### DIRECTIONS
Restate the data exactly as given and keep the pictures out.
+++
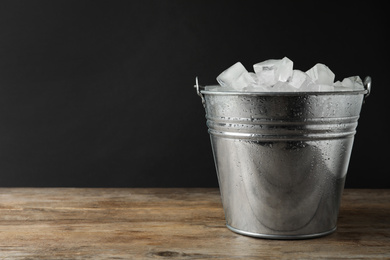 Metal bucket with ice cubes on wooden table. Space for text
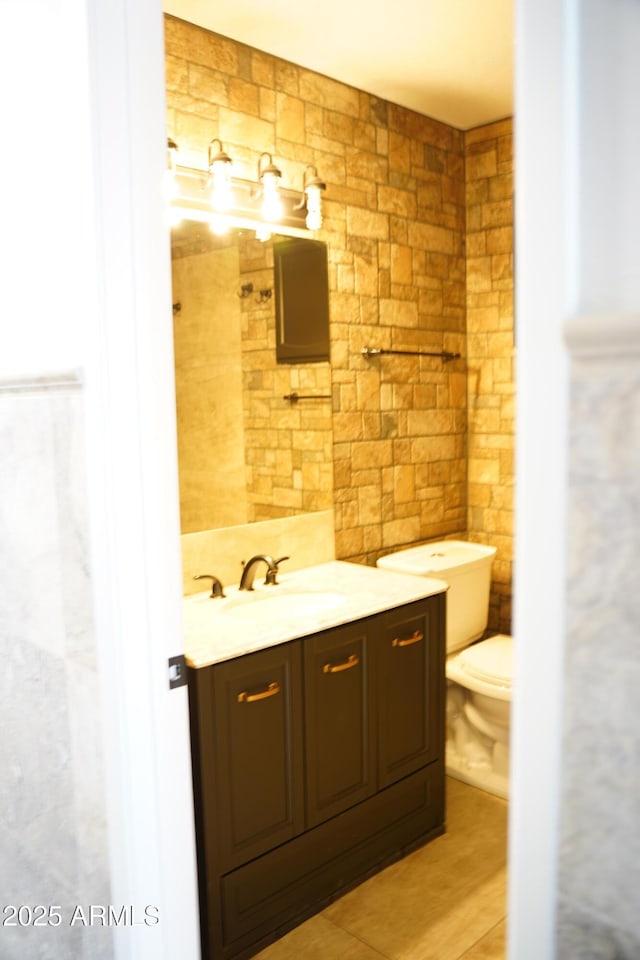 1632 E Saint Charles Ave, Phoenix, AZ 85042 - half bath with vanity and tile walls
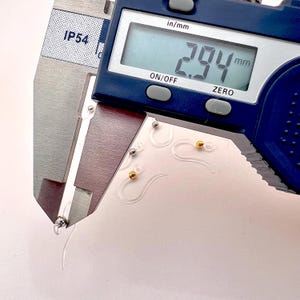 May include: Close-up of a digital caliper measuring a clear plastic earring hook. The digital display reads 2.94 mm. Several clear earring hooks with silver and gold-colored beads are visible.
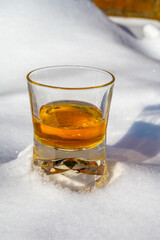 Glass of cold scotch single malt whisky on white snow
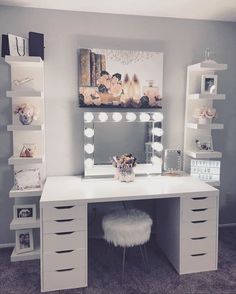 a white desk with drawers and a mirror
+++
### RESPONSE FOR THIS EXERCISE
 Metal bucket with ice cubes on wooden table. Space for text
 1632 E Saint Charles Ave, Phoenix, AZ 85042 - half bath with vanity and tile walls
 May include: Close-up of a digital caliper measuring a clear plastic earring hook. The digital display reads 2.94 mm. Several clear earring hooks with silver and gold-colored beads are visible.
 Glass of cold scotch single malt whisky on white snow
 a white desk with drawers and a mirror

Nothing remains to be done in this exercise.